Итак, возмездие состоялось. Ни сочувствия, ни жалости к пойманному, вероятно, нет ни у кого. Но после этого все как-то сникли, и прежнее оживление исчезло. Что-то смутное легло на душу.
После обеда мы свободны, и каждый может заниматься тем, чем ему вздумается. Одни предпочитают поспать, другие побродить по лагерю и окрестностям, но многие спешат на ту же площадь встретиться и поговорить с друзьями и знакомыми. Пожалуй, только здесь в задушевных беседах узнаешь о таких удивительных судьбах, о которых не прочтёшь ни в каком романе. Не ленись только слушать. Сейчас, в такое переходное время, людей просто распирает от желания поделиться перипетиями своей судьбы с понимающим тебя человеком, близким тебе по судьбе. Скоро этого уже не будет, всё поблекнет, спрячется в глубине души, а на губах повиснет прочный замок.

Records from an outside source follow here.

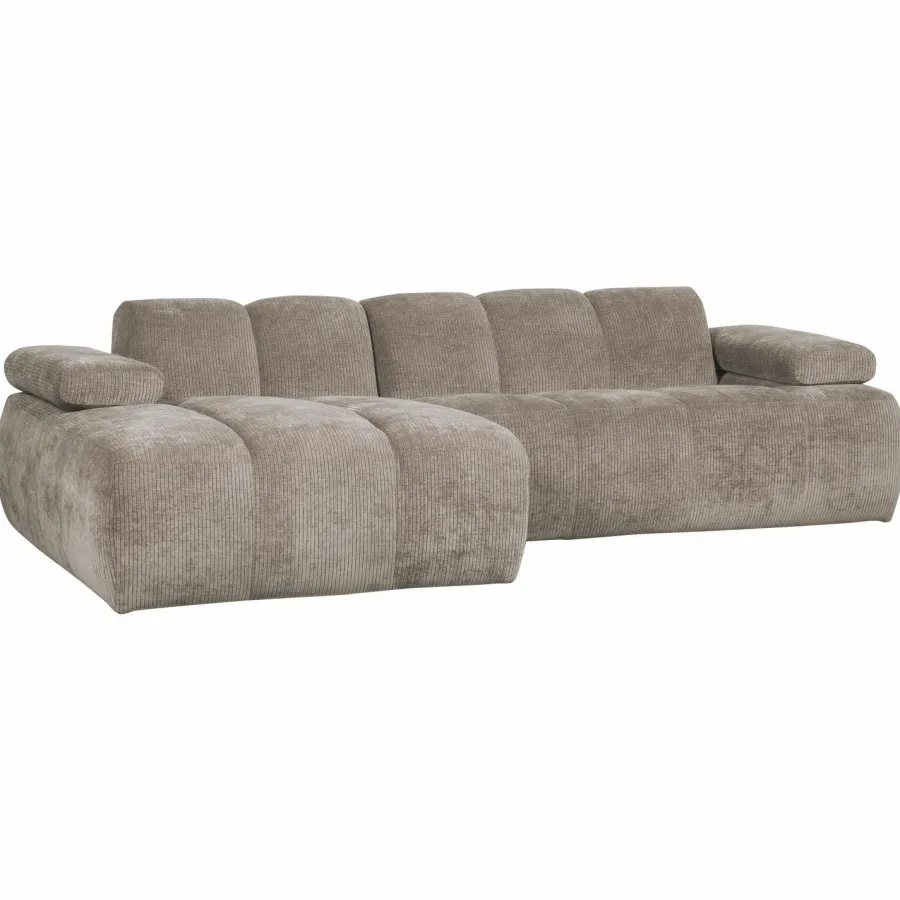 Woood Mojo chaise longue bank links ribstof donkerzand Outlet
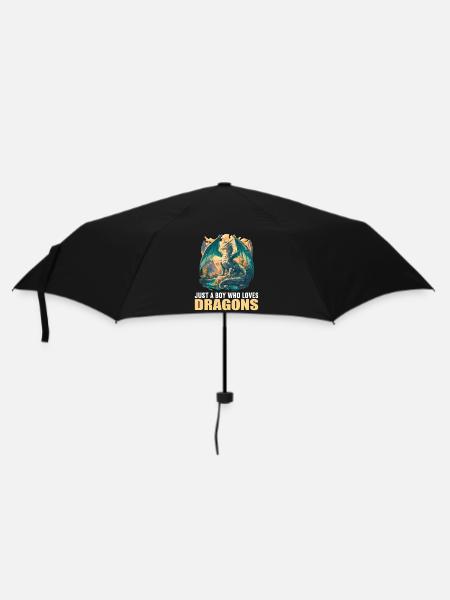 Drachen Drache - Regenschirm (klein) - Schwarz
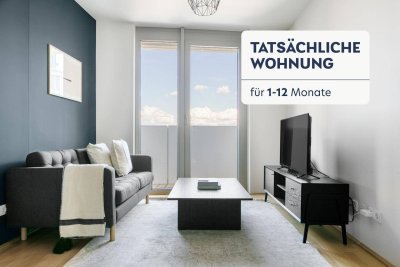 Traumblick über Wien, Belview Tower mit Gym, Wellness &amp; Lounge, 2 Zimmer + Balkon, 13. Stock, U-Bahn (VIE47)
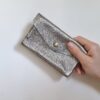 porte monnaie cuir métallisé gris argent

Однажды мои саласпилские знакомцы сообщают новость:
- Ты только подумай, кто живёт в нашем бараке.
- Кто?
- Васька Крылов. Тот самый пропагандист РОА.

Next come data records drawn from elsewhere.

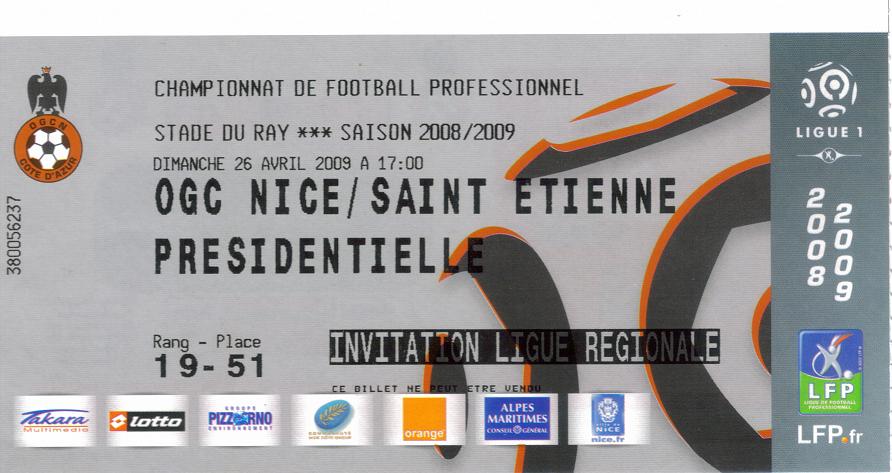 Billet 2008_2009 - 33è journée L1 - Nice-St Etienne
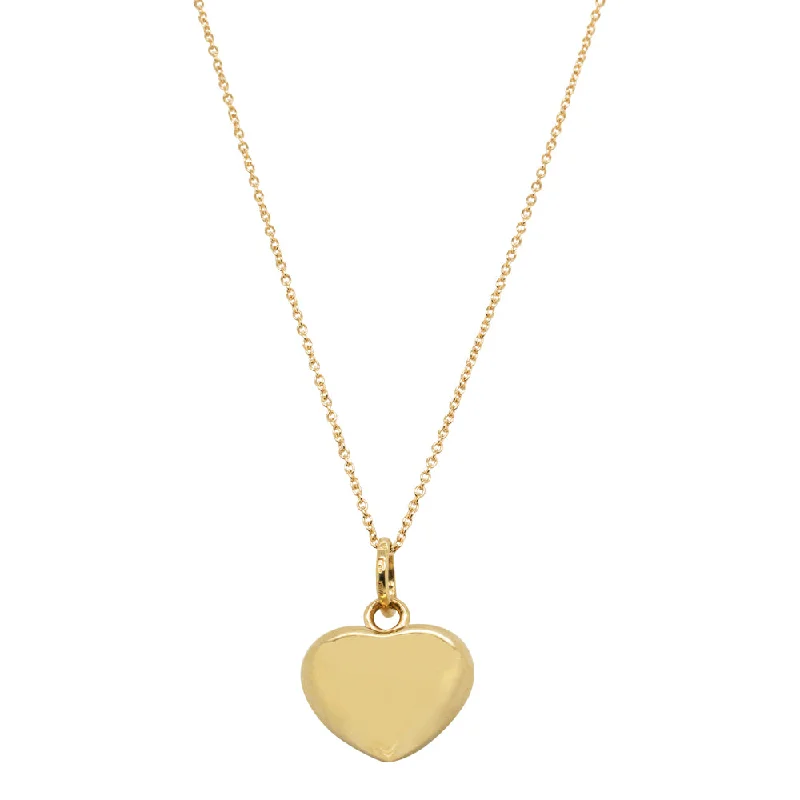 chain necklaces for women-Deja Vu 14ct Yellow Gold Puffed Heart Pendant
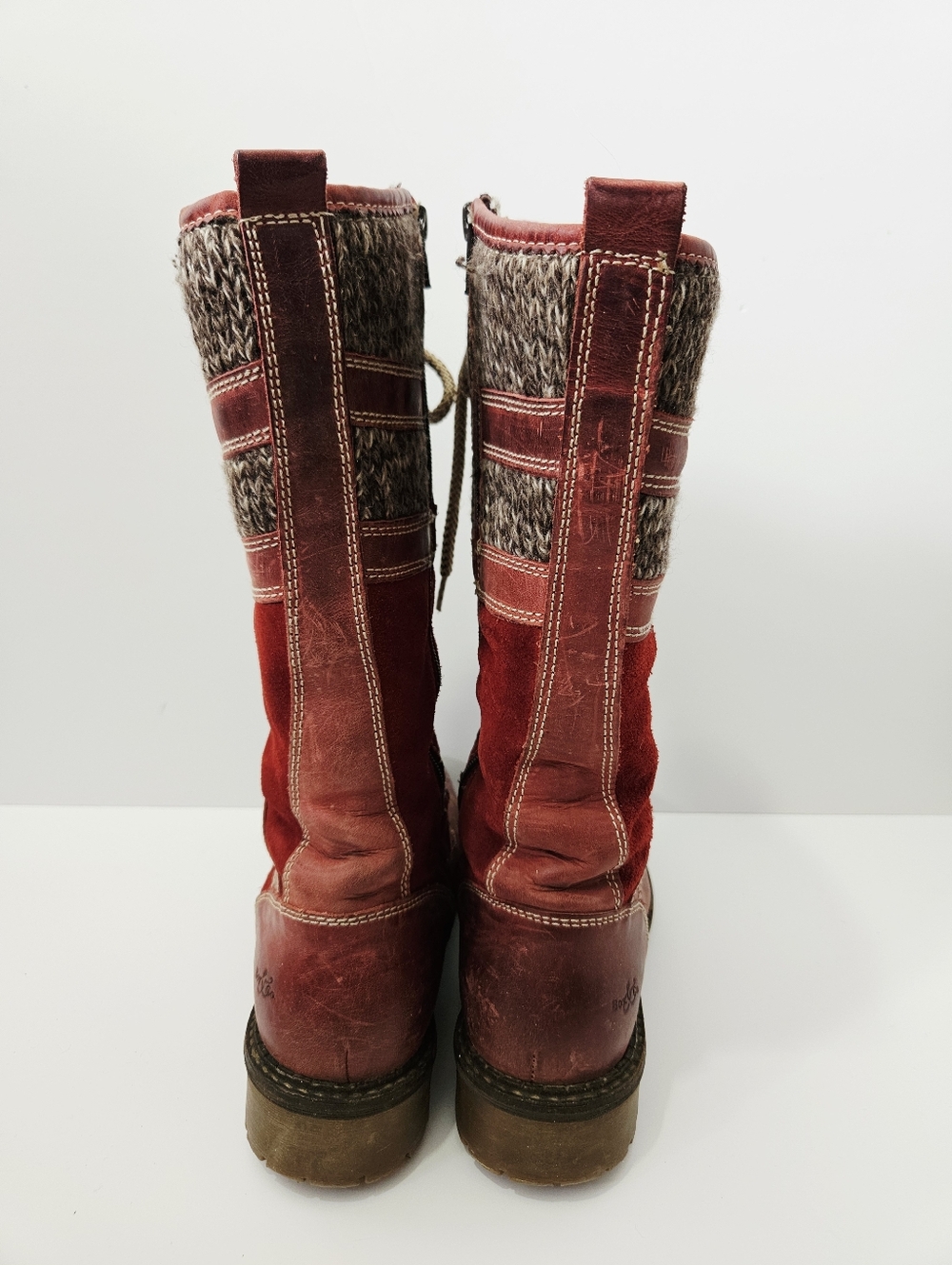 Bos & Co. Holden Wool Lined Leather Boots Size 40 US 9 - 9.5 Red Knee High - Picture 4 of 8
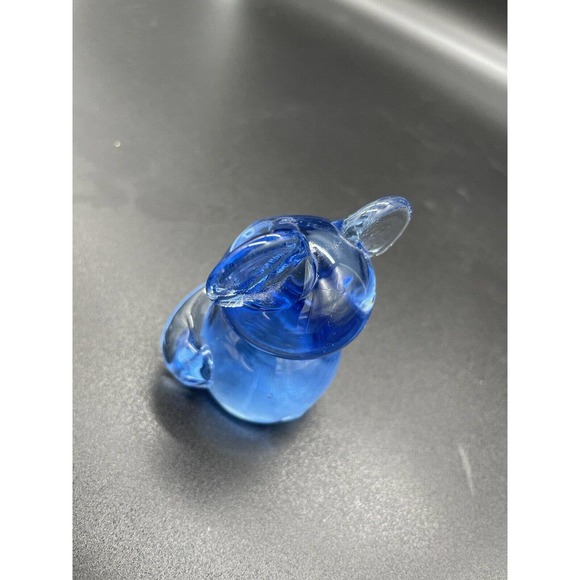 Art Glass Mouse Figurine Blue Hand Blown Glass - Picture 5 of 9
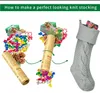 Рождественские вязаные шерстяные подарочные носки 14*46 см. Рождественское украшение елки. Санта-конфеты. Подарочный пакет. Вязаные носки.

- Не может быть. Зачем он здесь?
- Сходи посмотри сам.
Не откладывая в долгий ящик, тотчас же отправляюсь. В бараке почти никого нет, так как погода хорошая и все на дворе. У стола в темноватом углу сидит человек, обликом похожий на Крылова. Подхожу ближе и пристально вглядываюсь. Несомненно, это он - Василий Крылов.
- Здорово, Василий.
Человек, не оборачиваясь ко мне и глядя в сторону, нехотя цедит сквозь зубы:
- Вы ошибаетесь. Меня зовут не Василием.
- Что ты говоришь? Неужели забыл, как мы с тобой по соседству работали в Саласпилсе: я на постройке, а ты у Коваленковой.
И снова он, не поворачиваясь и глядя в сторону, твердит:
- Вы принимаете меня за кого-то другого. В Саласпилсе я никогда не был.
Я пожал плечами, молча постояли вышел. И вдруг я почувствовал, что он смотрит мне вслед. Однако когда я повернулся, он сидел в прежней безучастной позе и глядел в сторону.